··· GIVEN INFORMATION ···

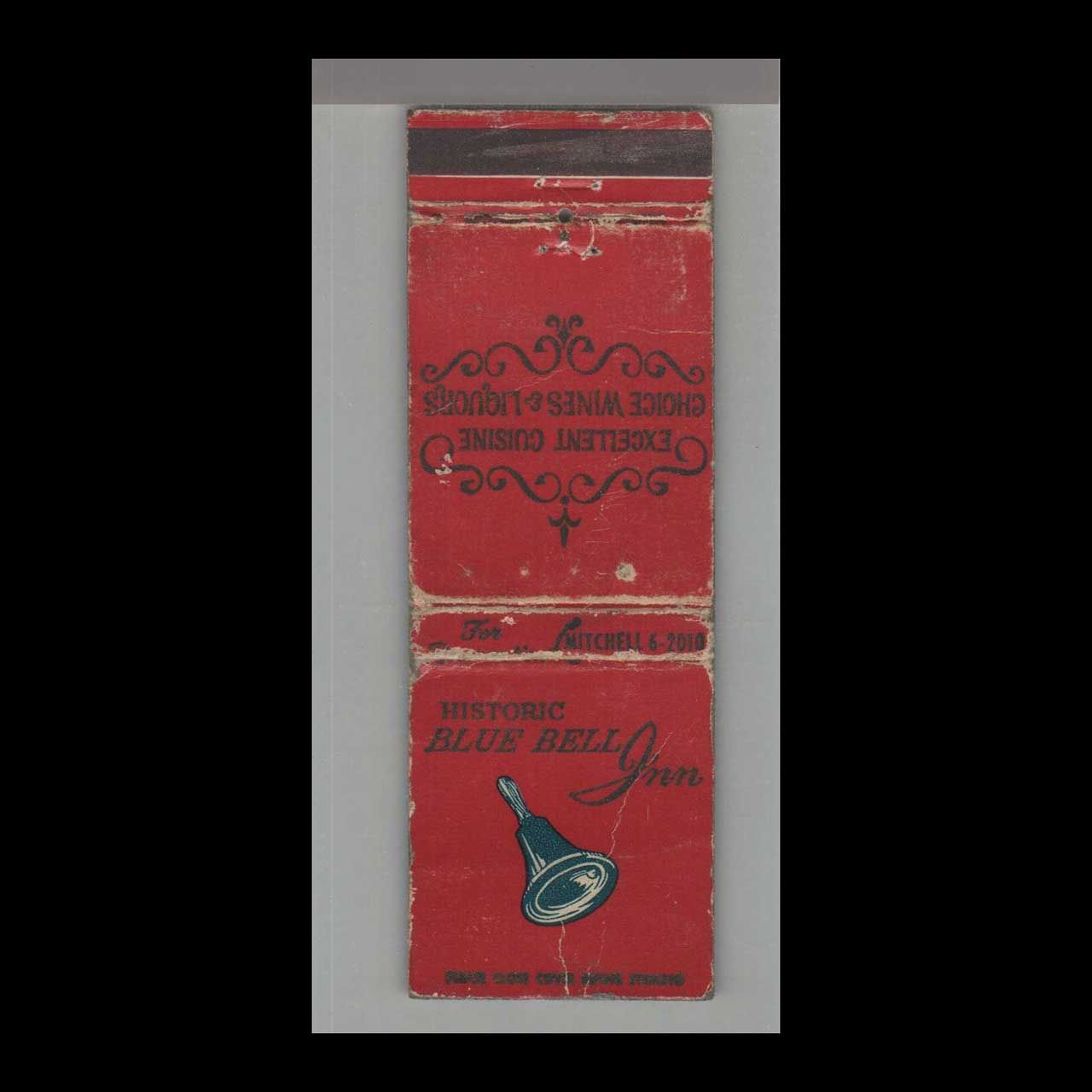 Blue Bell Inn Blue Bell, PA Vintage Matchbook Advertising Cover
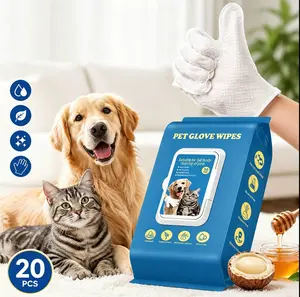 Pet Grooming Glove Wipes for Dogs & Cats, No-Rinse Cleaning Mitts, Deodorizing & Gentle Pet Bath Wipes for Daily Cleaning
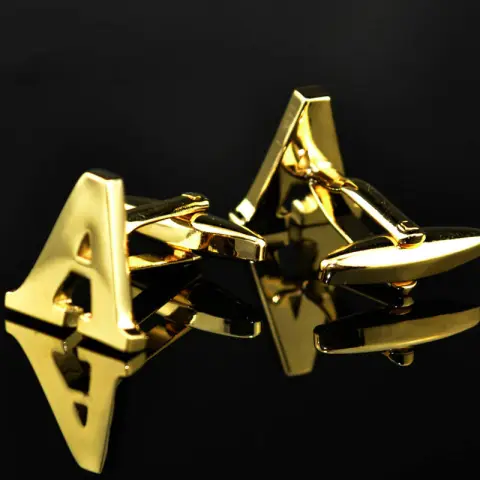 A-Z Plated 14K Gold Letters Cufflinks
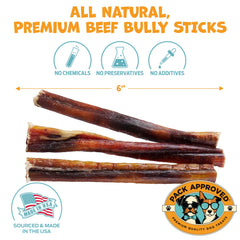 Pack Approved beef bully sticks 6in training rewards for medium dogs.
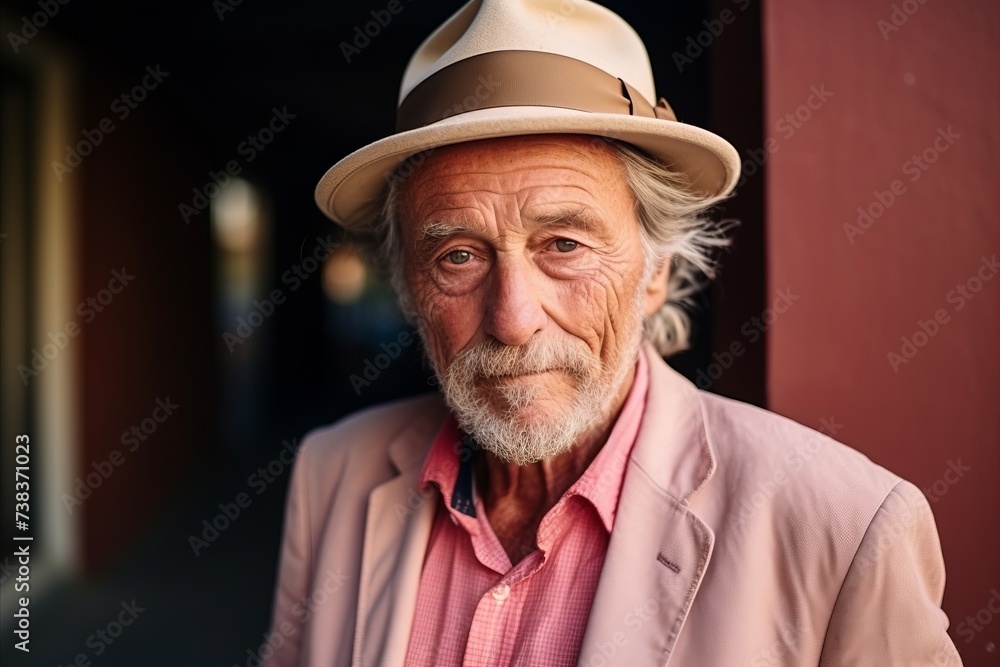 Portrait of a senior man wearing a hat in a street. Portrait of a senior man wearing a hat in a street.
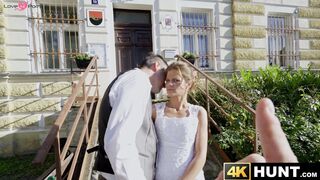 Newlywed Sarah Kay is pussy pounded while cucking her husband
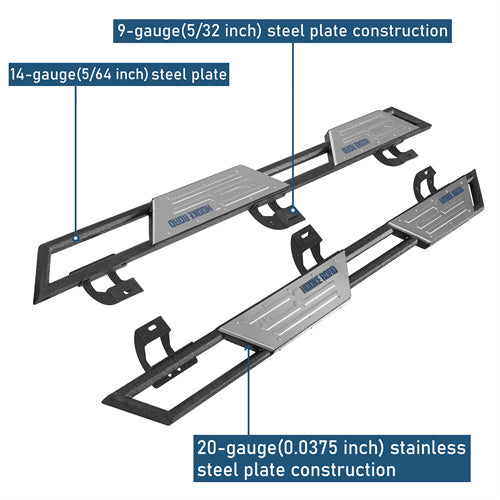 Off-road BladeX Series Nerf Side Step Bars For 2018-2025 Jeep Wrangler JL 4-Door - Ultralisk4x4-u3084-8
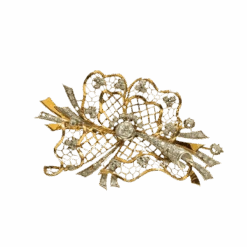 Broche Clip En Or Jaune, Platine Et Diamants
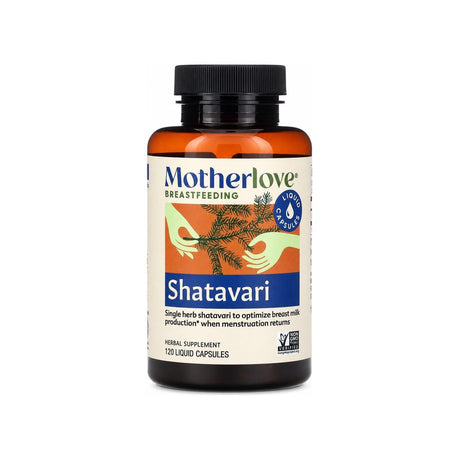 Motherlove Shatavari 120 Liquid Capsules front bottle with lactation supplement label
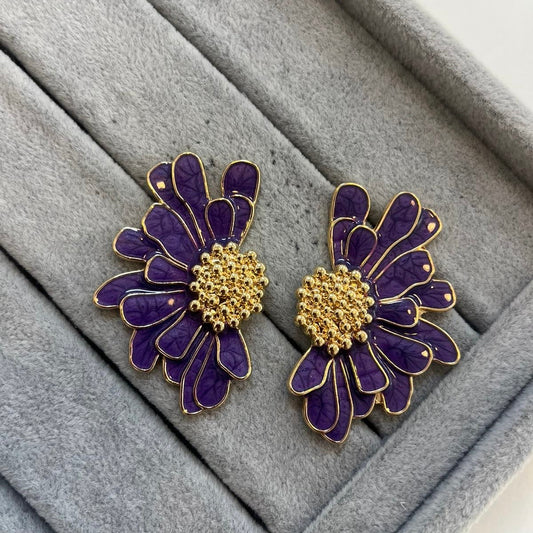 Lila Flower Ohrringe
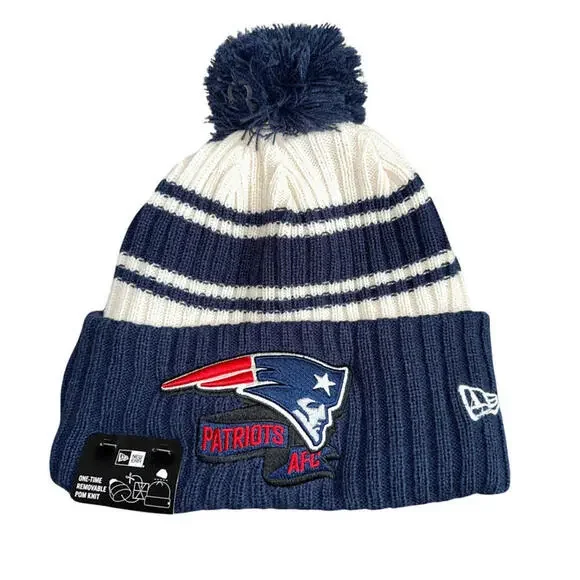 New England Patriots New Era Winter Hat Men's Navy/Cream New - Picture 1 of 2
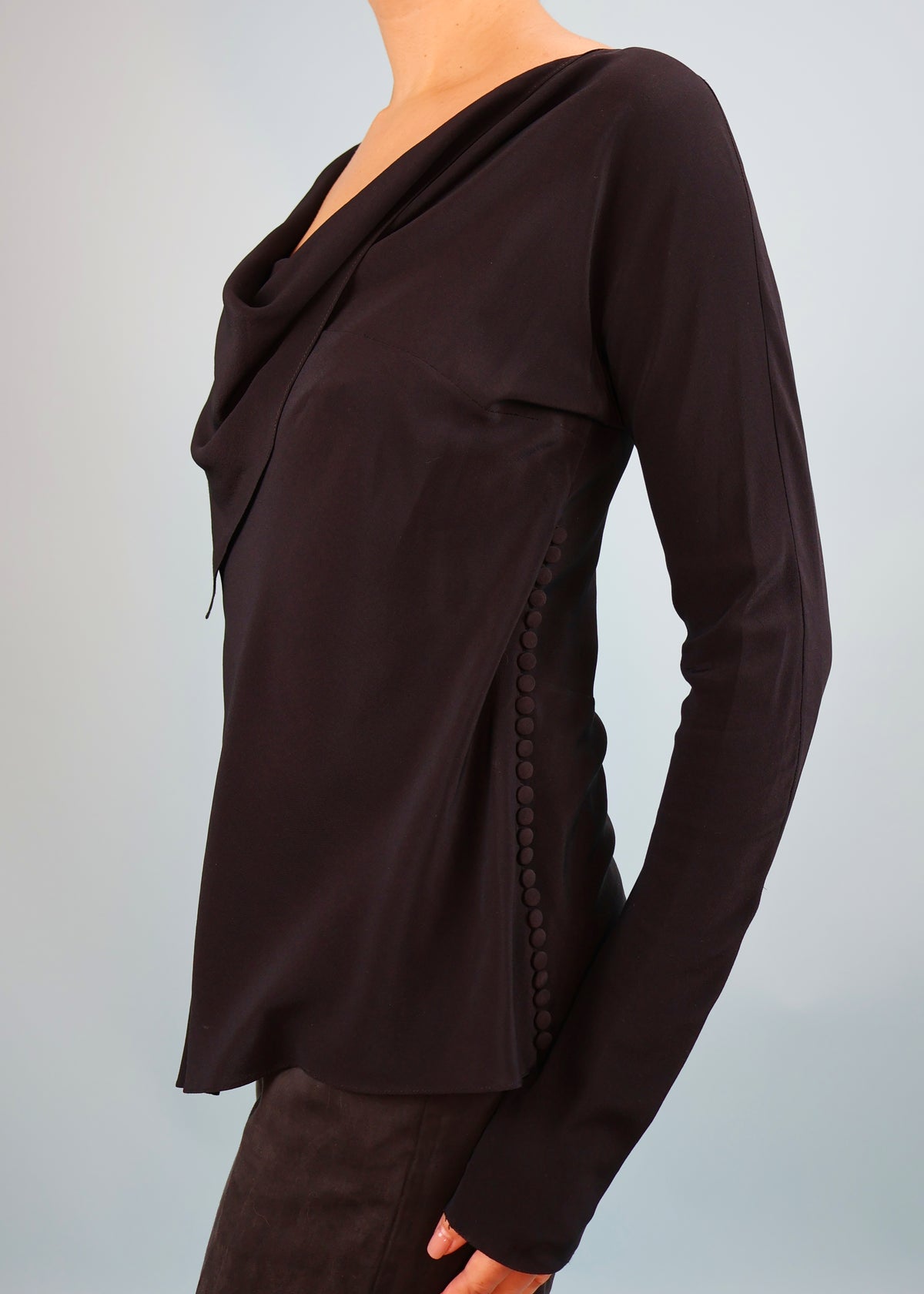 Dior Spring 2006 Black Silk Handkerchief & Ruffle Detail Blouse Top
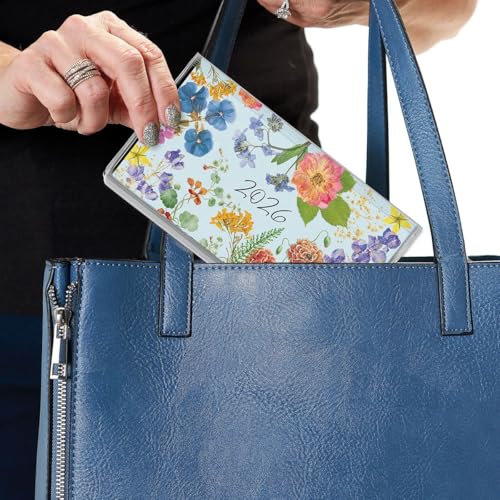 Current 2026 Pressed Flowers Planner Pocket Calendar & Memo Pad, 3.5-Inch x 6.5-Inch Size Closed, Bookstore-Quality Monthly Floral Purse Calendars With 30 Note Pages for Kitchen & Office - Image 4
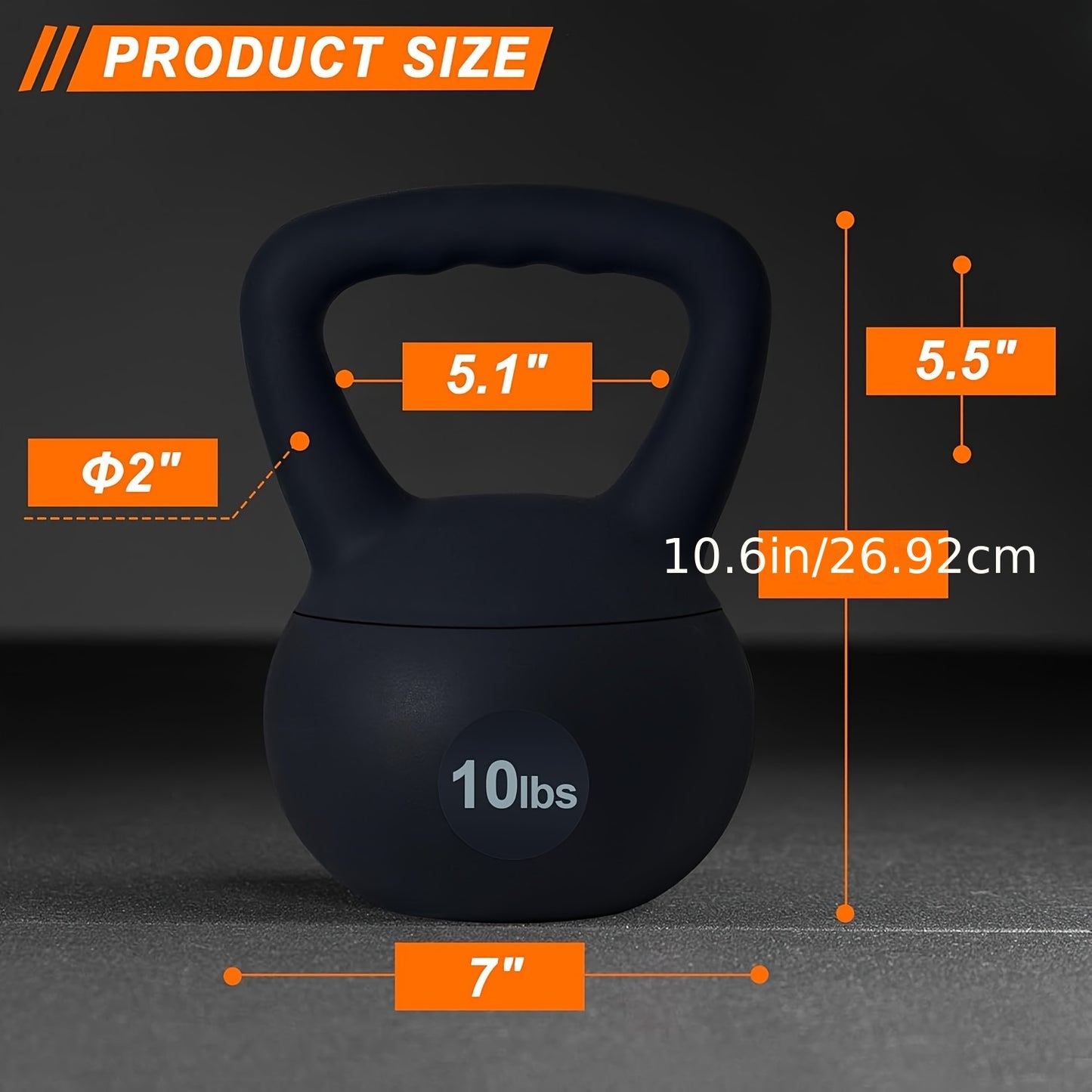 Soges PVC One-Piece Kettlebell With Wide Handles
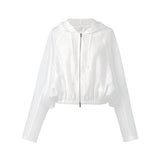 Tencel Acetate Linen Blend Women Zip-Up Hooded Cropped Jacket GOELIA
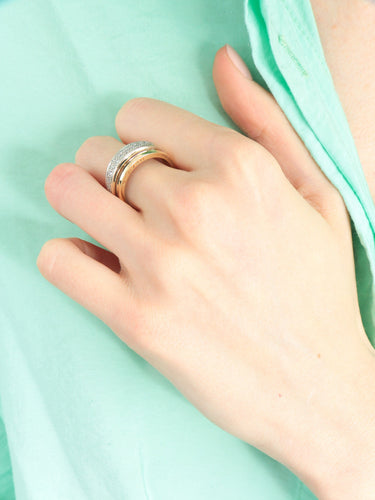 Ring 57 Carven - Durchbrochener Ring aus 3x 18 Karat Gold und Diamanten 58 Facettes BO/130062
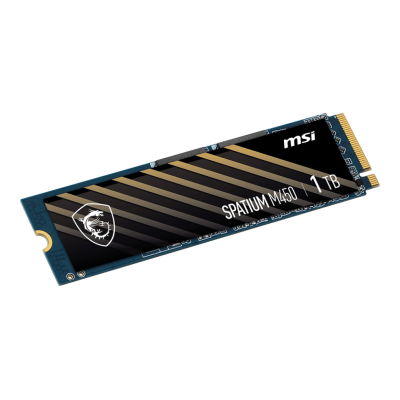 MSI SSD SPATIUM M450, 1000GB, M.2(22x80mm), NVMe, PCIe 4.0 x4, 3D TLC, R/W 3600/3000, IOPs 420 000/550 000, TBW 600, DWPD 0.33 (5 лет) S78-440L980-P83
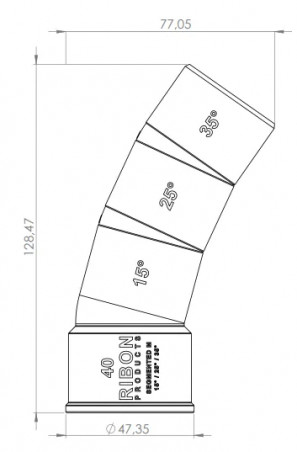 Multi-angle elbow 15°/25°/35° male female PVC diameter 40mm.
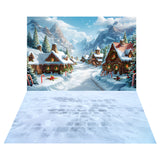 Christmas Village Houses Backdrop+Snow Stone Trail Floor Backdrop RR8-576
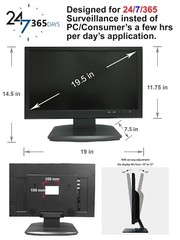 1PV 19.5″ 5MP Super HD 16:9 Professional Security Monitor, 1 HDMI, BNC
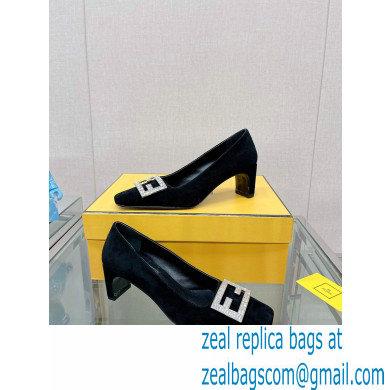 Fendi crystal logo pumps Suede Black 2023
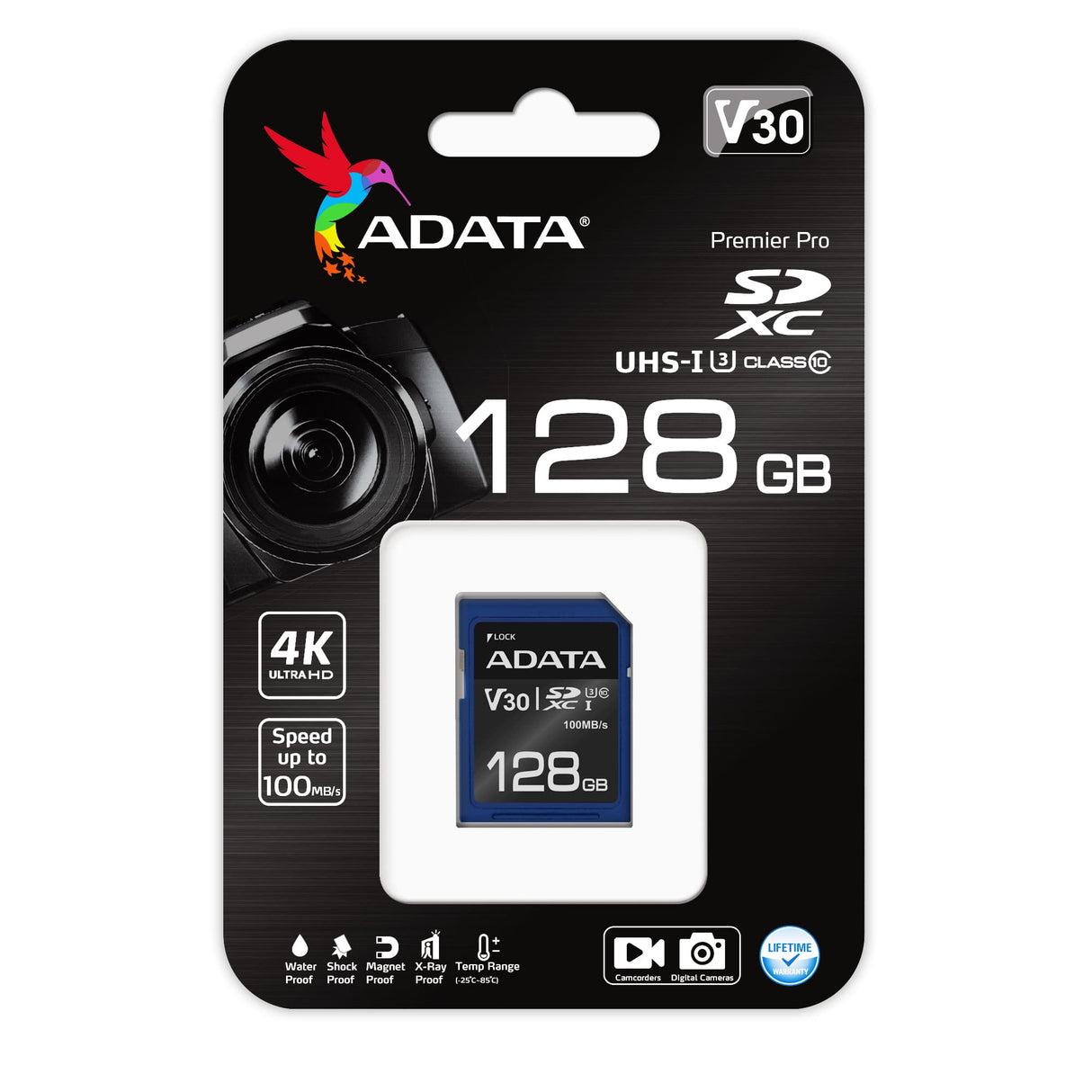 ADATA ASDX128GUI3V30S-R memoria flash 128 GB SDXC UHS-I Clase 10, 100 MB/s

···

* WHAT YOU WILL DO
All of the entries above need to be repeated exactly, minus the pictures.

* OUTPUT OF THE EXERCISE
 Blue Bell Inn Blue Bell, PA Vintage Matchbook Advertising Cover
 Pet Grooming Glove Wipes for Dogs & Cats, No-Rinse Cleaning Mitts, Deodorizing & Gentle Pet Bath Wipes for Daily Cleaning
 A-Z Plated 14K Gold Letters Cufflinks
 Pack Approved beef bully sticks 6in training rewards for medium dogs.
 Portrait of a senior man wearing a hat in a street. Portrait of a senior man wearing a hat in a street.
 Newlywed Sarah Kay is pussy pounded while cucking her husband
 Off-road BladeX Series Nerf Side Step Bars For 2018-2025 Jeep Wrangler JL 4-Door - Ultralisk4x4-u3084-8
 Broche Clip En Or Jaune, Platine Et Diamants
 Motherlove Shatavari 120 Liquid Capsules front bottle with lactation supplement label
 Lila Flower Ohrringe
 New England Patriots New Era Winter Hat Men's Navy/Cream New - Picture 1 of 2
 Dior Spring 2006 Black Silk Handkerchief & Ruffle Detail Blouse Top
 Current 2026 Pressed Flowers Planner Pocket Calendar & Memo Pad, 3.5-Inch x 6.5-Inch Size Closed, Bookstore-Quality Monthly Floral Purse Calendars With 30 Note Pages for Kitchen & Office - Image 4
 Soges PVC One-Piece Kettlebell With Wide Handles
 Tencel Acetate Linen Blend Women Zip-Up Hooded Cropped Jacket GOELIA
 Ring 57 Carven - Durchbrochener Ring aus 3x 18 Karat Gold und Diamanten 58 Facettes BO/130062
 MSI SSD SPATIUM M450, 1000GB, M.2(22x80mm), NVMe, PCIe 4.0 x4, 3D TLC, R/W 3600/3000, IOPs 420 000/550 000, TBW 600, DWPD 0.33 (5 лет) S78-440L980-P83
 Multi-angle elbow 15°/25°/35° male female PVC diameter 40mm.
 Christmas Village Houses Backdrop+Snow Stone Trail Floor Backdrop RR8-576
 1PV 19.5″ 5MP Super HD 16:9 Professional Security Monitor, 1 HDMI, BNC
 Fendi crystal logo pumps Suede Black 2023
 ADATA ASDX128GUI3V30S-R memoria flash 128 GB SDXC UHS-I Clase 10, 100 MB/s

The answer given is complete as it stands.